Algumas pessoas me circundam nesta existência. Sei, ou acredito saber que são pessoas de boa índole. Assim quero pensar. Um grupo reduzido de amigos e parentes. Nada que esteja fora disso. Não há níveis intermediários.

Andarilho.

Uma vez morei fora, outra morei dentro. Vi coisas do arco-da-velha, vi coisas feito um rebento.

Sofri, chorei, amei, desisti...

Vivi ao máximo, ao relento, correndo o dia e bebendo a noite.

Perambulei por lugares lúgubres, que mal sei onde ficam,

Vi rostos nervosos, mentes plácidas, que talvez não existam mais, ou sequer existiram.

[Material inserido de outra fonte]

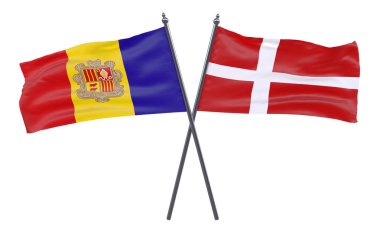 Andorra ve Danimarka, iki beyaz arka plan üzerinde izole bayrakları geçti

Construções, fumaças, latarias e gritarias..., velhos moribundos com carroças e cães, mulheres semi-nuas recostadas em catedrais e murais de propaganda, vi livros e mais livros, de sebos e de livrarias de vidros.

Senti o odor do fedor e da flor, o som do horror e da dor, do prazer e do amor...

Por aqui se ouvem pássaros ao amanhecer, quando o tempo não está tempestuoso. Acolá ouvira máquinas a surrar os ouvidos, gritos, fumaças variadas e carburadores entupidos.

A vida demora a entrar nos eixos, e quando entra já estamos mais pra lá do que pra cá, encarquilhados, aguardando o desfecho. Para tanto, vivemo-la já! O “agora” é a solução para diversos males.

Ouço clientes ansiosos por um natal melhor. Minha cadeira está torta, quando não minha vida. Mas não me deixo levar por essa tal depressão, pois no caminho a melhor solução é pôr as pernas em ação.

Um último cigarro a adentrar meus pulmões! Fumo para aliviar o estresse do dia-a-dia, para agüentar processos de ladainha, picuinhas de quem carrega a vida nas costas e não a deixa fluir naturalmente...

Cristiano Covas, num dia qualquer, 07.11.07.